● **AIM OF THE EXERCISE**
The span to repeat in the listing below runs from the line containing "Used 2016 Chevrolet" to the line containing "Hot Wheels Monster", inclusive. Repeat it exactly, and only it.

● **DATA SUPPLIED**
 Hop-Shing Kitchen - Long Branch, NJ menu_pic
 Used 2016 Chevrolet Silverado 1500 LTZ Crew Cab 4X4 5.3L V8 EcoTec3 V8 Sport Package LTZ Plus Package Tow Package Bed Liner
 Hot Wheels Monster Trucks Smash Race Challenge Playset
==
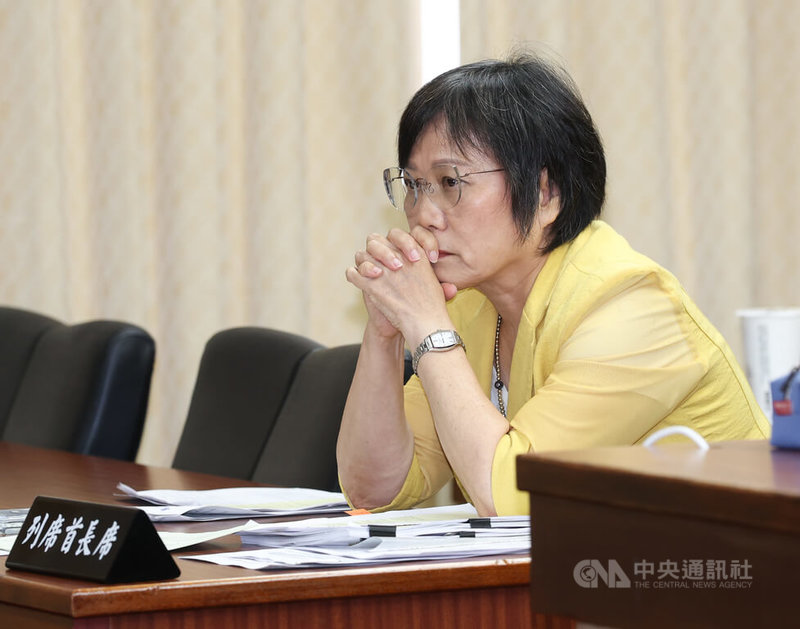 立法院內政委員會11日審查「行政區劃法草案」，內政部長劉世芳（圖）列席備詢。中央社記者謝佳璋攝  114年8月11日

● **SOLUTION**
 Used 2016 Chevrolet Silverado 1500 LTZ Crew Cab 4X4 5.3L V8 EcoTec3 V8 Sport Package LTZ Plus Package Tow Package Bed Liner
 Hot Wheels Monster Trucks Smash Race Challenge Playset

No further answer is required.